Docker for Beginners Part 3 — Writing a Dockerfile

A Dockerfile Is Not a Recipe — It Is a History
The Simplest Dockerfile
FROM — Everything Starts Here
RUN — A New Layer Is Created
COPY vs ADD — Just Use COPY
WORKDIR — Declare the Working Directory
CMD and ENTRYPOINT — The Confusing Duo
ENV — Embedding Environment Variables
ARG vs ENV — They Look the Same but Are Different
EXPOSE — More of a Documentation Declaration
USER — The User Inside the Container
.dockerignore — What to Exclude from the Build Context
HEALTHCHECK — Declaring Container Health Status
Layer Optimization at a Glance
Quick-Reference Checklist

A Dockerfile Is Not a Recipe — It Is a History

Now that you understand images and layers, it is time to build an image yourself. The tool for that is the Dockerfile.
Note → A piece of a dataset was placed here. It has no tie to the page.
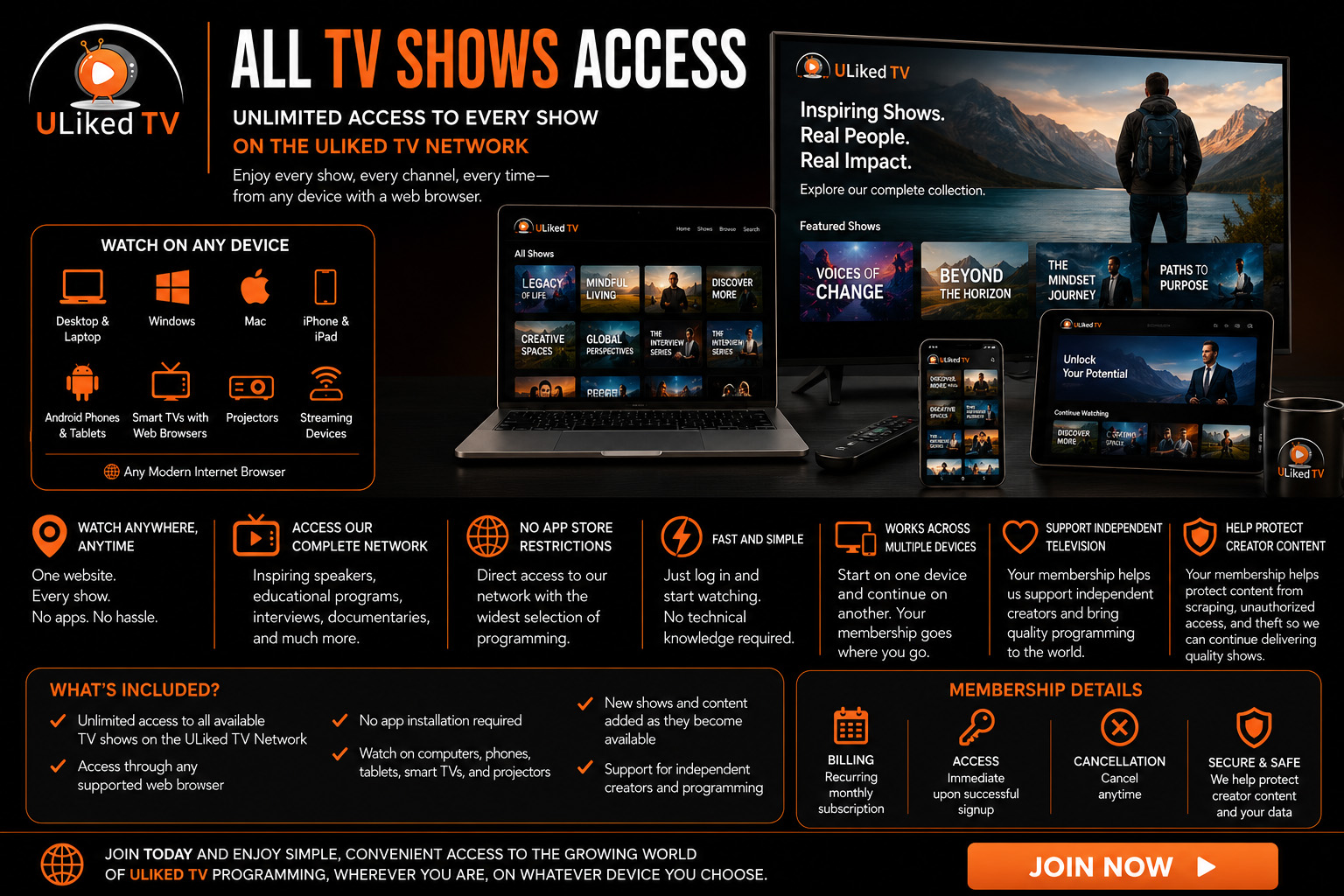 All TV Shows Access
On the surface it is just a plain text file, but in reality it is a document that records the history of commands: “stack this layer on top of that layer, and then stack another layer on top.”

flowchart TB
    DF["Dockerfile<br/>text file"] --> BUILD["docker build"]
    BUILD --> CTX["Build Context<br/>(current directory + .dockerignore)"]
    CTX --> ENGINE["BuildKit / legacy builder"]
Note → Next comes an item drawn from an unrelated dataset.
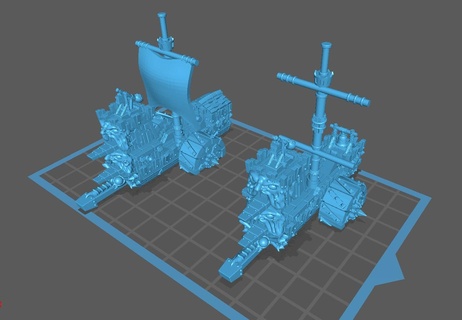 plague ridden adam savaş kuşatma kule yelken gemi 39 Ö veba kırıcı nurgle yelkenler oyunu deniz Manowar oyunları 3d print model - Mito3D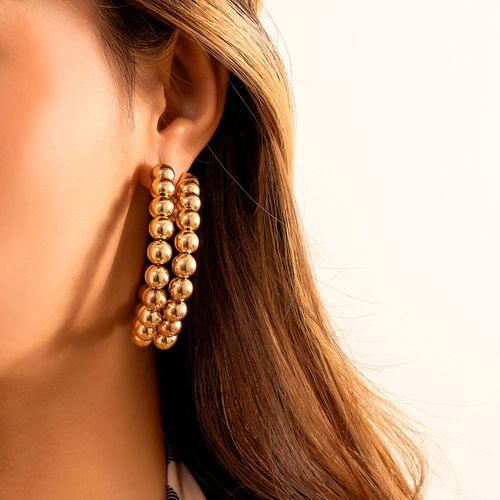 Ingesight.Z-Boucles D'oreilles Créoles En Plastique Ccb Exagérées Pour Femmes, Bijoux Punk, Document Goold, Géométrique, Grand Cercle Rond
    subgraph LAYERS["Generated layers"]
        L1["Base from FROM"]
        L2["RUN ... result"]
        L3["COPY ... result"]
        L4["COPY src . result"]
    end

    ENGINE --> LAYERS
    LAYERS --> IMG["Finished image"]

In this part, we will examine the commonly used instructions one by one. Not all of them appear in every Dockerfile, but the moment you understand what each does and how they differ, you start writing better Dockerfiles.

The Simplest Dockerfile

Before the explanation, let’s start with the end result we want. Here is a realistic example of containerizing a Node.js app:

# syntax=docker/dockerfile:1.7
FROM node:22-slim AS runtime

WORKDIR /app

# Dependency layer — cached if package.json is unchanged
COPY package*.json ./
RUN npm ci --omit=dev

# App code layer — changes frequently
COPY . .

ENV NODE_ENV=production \
    PORT=3000

EXPOSE 3000

USER node
CMD ["node", "server.js"]

In roughly 12–15 lines, nearly all the instructions we will discuss in this part are present. Let’s break them down one by one.
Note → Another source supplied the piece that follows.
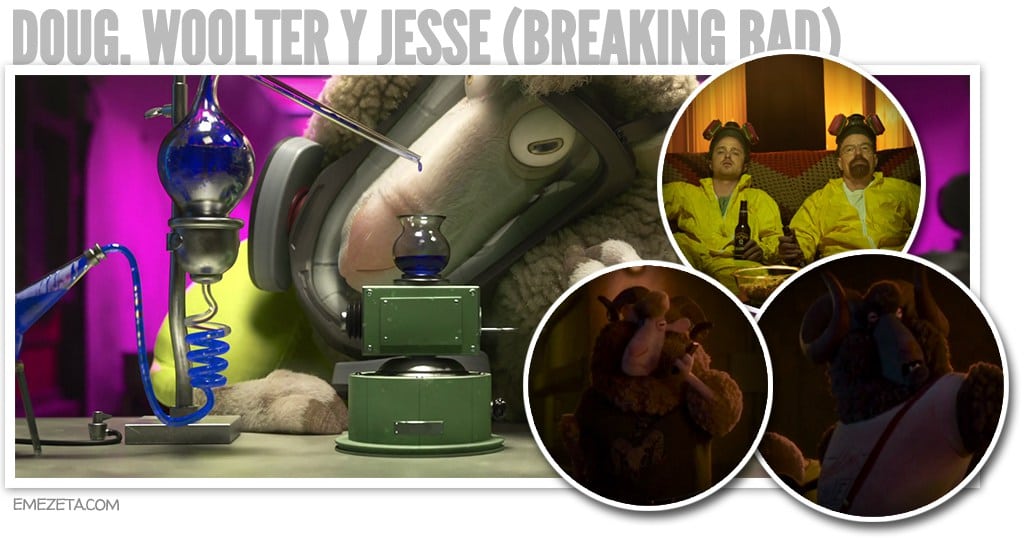 Doug, Woolter y Jesse, Breaking Bad en Zootrópolis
FROM — Everything Starts Here

FROM specifies the base image. The first line of a Dockerfile (except ARG) must always be FROM. Our layers are stacked on top of the image chosen here.

FROM node:22-slim

Base image selection has the greatest impact on the final image size, security, and stability. As discussed in Part 2, you should be deliberate about whether to choose slim, alpine, or distroless.

In multi-stage builds, you can use multiple FROM statements, naming each stage with AS:

FROM golang:1.23 AS builder
# ... build steps ...

FROM gcr.io/distroless/static-debian12 AS runtime
COPY --from=builder /out/app /app

--from=builder is used to copy files from a previous stage. Build tools do not remain in the runtime image.

RUN — A New Layer Is Created

RUN executes commands during the image build. Each RUN creates a new layer. Therefore, “how many RUN statements you use” directly impacts image size and build time.

There are two forms:

# shell form — executed via /bin/sh -c
RUN apt-get update && apt-get install -y curl

# exec form — executed directly without a shell
RUN ["apt-get", "install", "-y", "curl"]

shell form is convenient because you can use shell features (&&, |, environment variable expansion, etc.). exec form does not go through a shell, so signal handling is more precise and it works even in distroless images that lack a shell.

As shown in Part 2, it is important to combine apt-get install and rm -rf /var/lib/apt/lists/* in the same RUN. If file creation and cleanup end up in different layers, deleted files remain in the lower layer and unnecessarily bloat the image.

RUN apt-get update \
 && apt-get install -y --no-install-recommends \
      curl \
      ca-certificates \
 && rm -rf /var/lib/apt/lists/*

COPY vs ADD — Just Use COPY

Both are instructions for copying files into the image, but they have subtle differences:

COPY: Simply copies files/directories from the host into the image
ADD: Includes all COPY functionality plus (1) downloading files from URLs and (2) automatic extraction of compressed files like tar.gz

ADD’s extra features come with “sneaky side effects.” URL downloads have poor reproducibility and are hard to security-audit. Automatic tar extraction can unpack files unintentionally.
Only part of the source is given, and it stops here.